Заяц ткнулся задом в ствол ели, выругался и, подтянув таксиста под раскидистый куст, бросил. Руки трупа раскинулись в траве. Заяц выпрямился и несколько раз ударил его ногой в голову. Потом расстегнул ширинку и помочился.

С ели слетела какая-то птица, захлопала тяжёлыми крыльями. Сторонясь кустов, Заяц вернулся к «Волге», включил свет в салоне. Он достал из кармана кастет, повертел перед глазами. Кастет оказался чистым.

Заяц открыл бардачок, вытащил пачку документов, поднёс к глазам:

– Монюков… Виктор Иванович… так… девятый таксопарк…

Полистав документы, Заяц сунул их обратно, вытащил оттуда же грязную тряпку, плюя на неё, вытер кровь с сиденья, выбросил в окно.

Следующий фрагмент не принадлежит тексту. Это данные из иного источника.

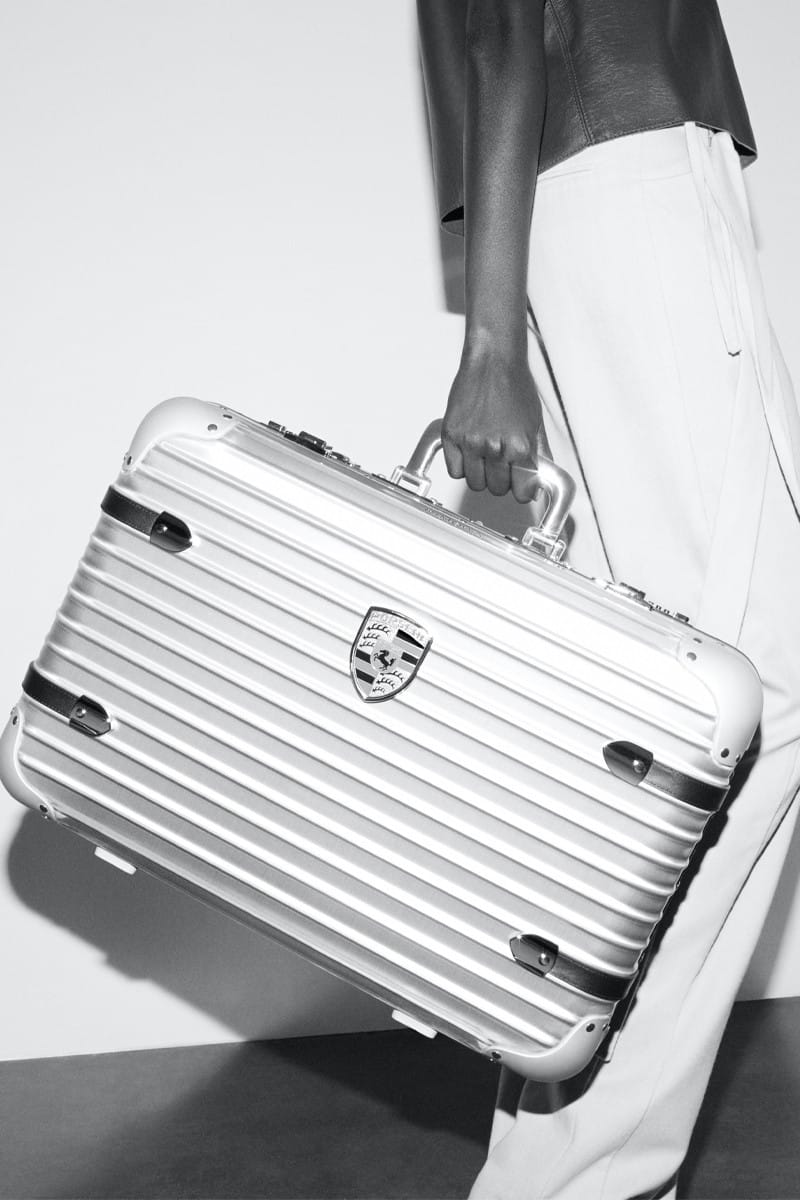 RIMOWA x Porsche 全新联名手提箱正式登场| Hypebeast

Возле ручки скоростей на пластмассовой коробке с мелочью лежала смятая фуражка таксиста.

Заяц поднял её. Из фуражки с шуршанием выпал пакетик с недоеденной нормой. Заяц повертел в руках норму, понюхал:

– Вон что, бля…

Положил пакетик в фуражку и швырнул за окно. Потом завёл мотор, задом вырулил на просёлочную, проехал, оглядевшись, свернул на шоссе и погнал, включив фары.

Дождь перестал.

У поворота на Минское шоссе встретился грузовик. Пригнувшись к рулю, Заяц вырулил на Минское и понёсся к Москве.

В коробке с мелочью лежало круглое карманное зеркальце. Придерживая руль, Заяц поднял его, посмотрел на себя. Из зеркальца глянуло широкоскулое небритое лицо с небрежно зашитой заячьей губой.


– Так, может, убрать второй абзац? – спросил Куликов, снимая очки.

– Да нет, Алексей Михалыч. Тут убирай не убирай, ничего же не изменится, – поморщился Бондаренко. – Я же говорю, он прочёл когда главу, вообще, говорит, а нужна ли она?

– Ну, это не разговор.

– Тем не менее…

– Тогда всё менять, всю фабулу, что ли? Это же немыслимо.

– Мыслимо, немыслимо… – пробормотал Бондаренко, посмотрел на часы. – Ой-ей-ей… Засиделись мы с вами.

Часы показывали десять минут седьмого.

– Ну, а что ж делать?

– Не знаю. Я б на вашем месте всё-таки поработал над главой. Целиком.

– А смысл? Это же меняет содержание романа. Что ж, Борисова выкидывать, а Елецких из простых инженеров в зам. нач. цеха переводить?

– Ну, зачем такие крайности? Дело не в том, кем работает Елецких, а как он к завкому и парткому относится.

– Но он не может иначе, Виктор Юрьевич! У него ведь характер такой! Начальник литейного цеха делает приписки, а ОТК ему потворствует!

– Правильно, но почему Елецких не пойдёт сразу в партком и громко не расскажет обо всём?

– Да потому, что рыцарь-одиночка он! Молодой специалист, без малого год на заводе! У него за плечами десятилетка и СТАНКИН! Тем более он ведь ещё не член партии. Во второй части он вступает, но сейчас он совсем по-другому подходит к производственным проблемам. Я же сам таким был, когда на Кировском начинал…

– Но он и в бюро комсомола не сказал ничего. Сразу кинулся на Ерёмина. Я не говорю, что он не имеет право ударить очковтирателя, безусловно имеет, но ковбои нам ведь не нужны.

– Виктор Юрьич, но не всё сразу, пойдёт он в партком и в…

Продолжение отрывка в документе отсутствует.